§ Exercise requirements
Find the line with "The next term" in the entries below, then output every line from it down to the line with "Here are the", exactly and with no pictures.

### Provided material ###

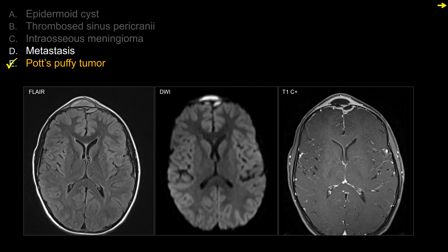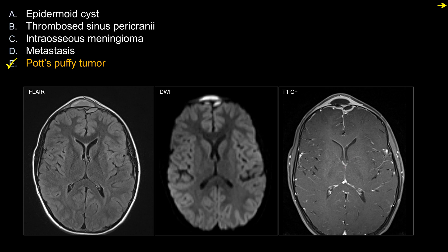Ruling out choice D for metastasis: a cystic metastasis is possible, but not seeing any soft tissue component or enhancing soft tissue component makes metastasis very unlikely in this case. So in the end, the best choice is E, Pott's puffy tumor.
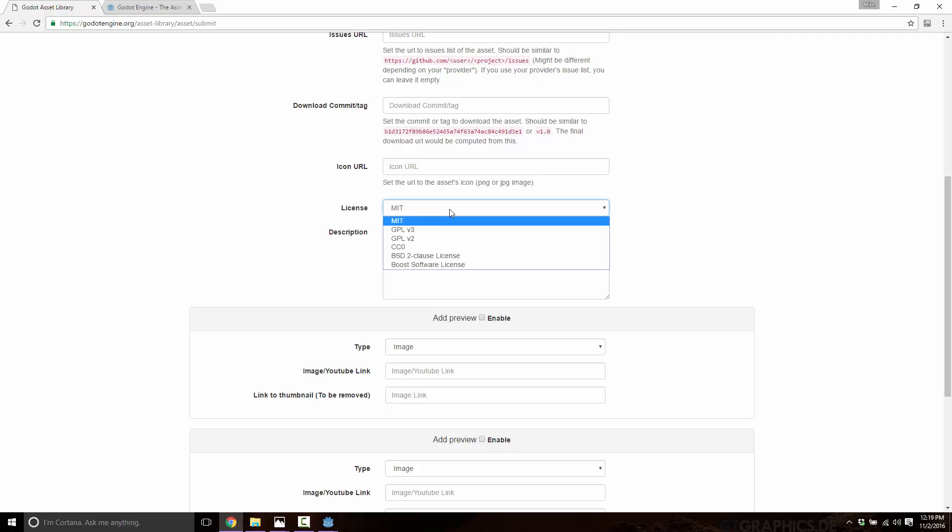So these are the licenses that you are limited to right now with the Godot asset library. You've got MIT license, the two GPL licenses, which are not going to be compatible with very many games. Because if you use something that is GPL, it is like a virus into your code, which basically means that the rest of your code that touches it also has to be open source.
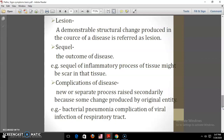The next term is lesion — it is a demonstrable structural change produced in the course of a disease. Then there is sequela, which is the outcome of a disease; for example, the sequela of an inflammatory process in tissue might be scar tissue. Complications of disease refer to a new or separate process arising secondarily due to changes produced by the original condition — for example, bacterial pneumonia is a complication of a viral infection of the respiratory tract.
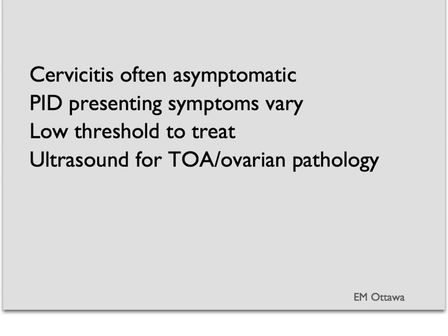Here are the main points for PID. Cervicitis is often asymptomatic and therefore very hard to pick out. Based on where is involved, the presenting symptoms for PID can vary. We should have a very low threshold to treat patients because of the terrible complications that PID can have. If we're worried about a tubal ovarian abscess or any other ovarian pathology, ultrasound is the imaging test of choice.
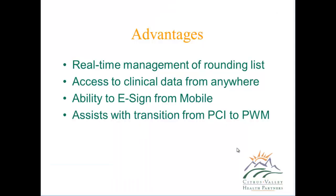Advantages to using mobile rounding. It provides you with real-time management of rounding lists to add and remove patients as you need to. It gives you access to clinical data from anywhere. From your office, from your home, out and about. As long as you have internet access from your smartphone or tablet, you can access your rounding list and clinical data. It gives you ability to eSign from the mobile system. And finally, it also assists with the transition from PCI to PWM. This is mobile rounding for Meditech.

###

§ Solution for this exercise
The next term is lesion — it is a demonstrable structural change produced in the course of a disease. Then there is sequela, which is the outcome of a disease; for example, the sequela of an inflammatory process in tissue might be scar tissue. Complications of disease refer to a new or separate process arising secondarily due to changes produced by the original condition — for example, bacterial pneumonia is a complication of a viral infection of the respiratory tract.
Here are the main points for PID. Cervicitis is often asymptomatic and therefore very hard to pick out. Based on where is involved, the presenting symptoms for PID can vary. We should have a very low threshold to treat patients because of the terrible complications that PID can have. If we're worried about a tubal ovarian abscess or any other ovarian pathology, ultrasound is the imaging test of choice.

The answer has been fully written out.